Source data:
________________________

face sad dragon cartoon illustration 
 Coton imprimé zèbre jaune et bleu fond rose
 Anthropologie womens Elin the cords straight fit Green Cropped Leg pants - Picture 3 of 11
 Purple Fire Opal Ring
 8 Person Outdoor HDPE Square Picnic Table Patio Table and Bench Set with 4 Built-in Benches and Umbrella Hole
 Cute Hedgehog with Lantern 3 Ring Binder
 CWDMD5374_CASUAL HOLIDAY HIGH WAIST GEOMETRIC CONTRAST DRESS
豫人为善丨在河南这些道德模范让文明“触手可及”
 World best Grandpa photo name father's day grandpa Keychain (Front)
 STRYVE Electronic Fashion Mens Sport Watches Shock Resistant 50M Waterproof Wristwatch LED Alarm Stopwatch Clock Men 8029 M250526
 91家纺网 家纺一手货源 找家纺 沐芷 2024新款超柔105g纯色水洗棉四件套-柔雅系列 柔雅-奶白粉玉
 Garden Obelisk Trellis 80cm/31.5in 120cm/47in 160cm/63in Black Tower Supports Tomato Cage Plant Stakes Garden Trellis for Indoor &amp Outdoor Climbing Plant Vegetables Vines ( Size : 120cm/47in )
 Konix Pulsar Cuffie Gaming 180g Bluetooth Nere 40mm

________________________

* _Directions_: All of the data above should be output exactly.

* _Solution for this problem_:
face sad dragon cartoon illustration 
 Coton imprimé zèbre jaune et bleu fond rose
 Anthropologie womens Elin the cords straight fit Green Cropped Leg pants - Picture 3 of 11
 Purple Fire Opal Ring
 8 Person Outdoor HDPE Square Picnic Table Patio Table and Bench Set with 4 Built-in Benches and Umbrella Hole
 Cute Hedgehog with Lantern 3 Ring Binder
 CWDMD5374_CASUAL HOLIDAY HIGH WAIST GEOMETRIC CONTRAST DRESS
豫人为善丨在河南这些道德模范让文明“触手可及”
 World best Grandpa photo name father's day grandpa Keychain (Front)
 STRYVE Electronic Fashion Mens Sport Watches Shock Resistant 50M Waterproof Wristwatch LED Alarm Stopwatch Clock Men 8029 M250526
 91家纺网 家纺一手货源 找家纺 沐芷 2024新款超柔105g纯色水洗棉四件套-柔雅系列 柔雅-奶白粉玉
 Garden Obelisk Trellis 80cm/31.5in 120cm/47in 160cm/63in Black Tower Supports Tomato Cage Plant Stakes Garden Trellis for Indoor &amp Outdoor Climbing Plant Vegetables Vines ( Size : 120cm/47in )
 Konix Pulsar Cuffie Gaming 180g Bluetooth Nere 40mm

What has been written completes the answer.